Le reportage ne montre que la façade du siège de l’Église de scientologie à Saint-Denis, bâtiment emblématique qui en est l’objet et le cœur. Les images tournées à l’intérieur en caméra cachée ne montrent aucune pièce identifiable. Aucun des interlocuteurs de la journaliste n’est reconnaissable. Le fait que la façade soit montrée ne demande aucune autorisation préalable et ne constitue pas une faute déontologique.
➔ En résumé de cette partie, le grief d’utilisation de méthodes déloyales n’est fondé que sur le seul motif de ne pas avoir attendu une confirmation officielle de l’impossibilité de tourner avant de commencer l’infiltration.
Sur le grief de suppression d’informations essentielles
➔ La requérante reproche à la journaliste de ne pas avoir détaillé le jugement qui a rendu la construction du centre de la scientologie possible malgré l’action en justice de la mairie. Elle constate que « le reportage indique que l’installation de l’Église » a fait l’objet d’une « “bataille juridique” et se contente de relever que “la mairie de Saint-Denis a tenté de s’y opposer en vain” ». Elle note qu’il n’est pas « mentionné le résultat des décisions juridiques : condamnation de la mairie et de l’État pour détournement de pouvoir et reconnaissance de la légitimité du projet ».
La directrice de la rédaction nationale de France Télévisions souligne que le commentaire de la journaliste expose la bataille judiciaire menée par la mairie de Saint-Denis et indique « clairement l’issue de cette bataille juridique par l’expression “en vain” ».
➔ Les procédures passées pour s’opposer à la construction de ce centre de l’Église de scientologie ne sont pas l’objet du reportage. Elles sont mentionnées comme élément de contextualisation. Que les attendus et le détail des décisions de justice ne soient pas mentionnés dans le commentaire n’apparaît pas comme l’absence d’une information essentielle à la compréhension des faits.
Sur le grief de non-respect de l’exactitude et de la véracité
➔ Ce grief ne concerne pas directement le reportage, mais les messages de la journaliste Mme Lorraine Poupon l’annonçant ou le relayant sur les réseaux sociaux. Bien que cela constitue un acte journalistique distinct du reportage diffusé dans « L’œil du 20 h », le CDJM a retenu ce grief pour analyse, d’autant que Mme Lorraine Poupon se présente sur son compte LinkedIn comme « journaliste Œil du 20 h France 2 » et sur son compte sur X comme « journaliste Œil du 20h ». Elle s’exprime sur ces comptes en tant que journaliste et doit à ce titre se conformer aux règles déontologiques de sa profession.

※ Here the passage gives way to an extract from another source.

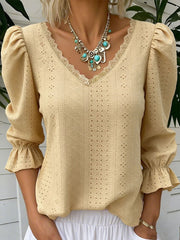 Chemise femme à manches 3/4 ajourée et ornée de dentelle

Elle écrit ainsi sur LinkedIn cette publication, dont certains passages sont en gras :
« Dans les coulisses de la Scientologie.
Pour ma dernière enquête (de la saison 2023-24 hein !), je me suis infiltrée chez les scientologues.
En avril, et sans que cela fasse grand bruit, l’Église de scientologie a inauguré son nouveau siège français en grandes pompes. Un bâtiment flambant neuf à 33 millions d’euros pour mettre un coup d’accélérateur dans leur implantation.
Une fois les portes passées, j’y ai découvert qu’on m’a (très) vite fait sortir la carte bleue pour me faire acheter toujours plus de cours et de séminaires. On y apprend le culte du fondateur L. Ron Hubbard, la défiance à l’égard des psys et (sans surprise) des médias. Tout ça, pour progresser “sur le pont vers la liberté totale”. Rien que ça ! Avec un point d’orgue atteint quand ils ont tenté de me vendre leur programme “Purif”.
(PS : une semaine que je n’y ai pas mis les pieds et ce matin encore mes interlocuteurs tentaient de me rappeler pour prendre de mes nouvelles et, probablement, me faire revenir). »
Sur X, la journaliste a posté un message le 27 juin 2024 accompagnant un lien renvoyant vers son reportage : « Pour #loeildu20h, j’ai passé plusieurs semaines dans le nouveau siège français de l’Église de scientologie, ouvert en grande pompe en avril. On nous y promet la “liberté totale”, mais à quel prix ? » Elle répond à sa propre question dans le post suivant : « (A priori plusieurs milliers d’euros car en scientologie, tout est payant et tout coûte cher !) »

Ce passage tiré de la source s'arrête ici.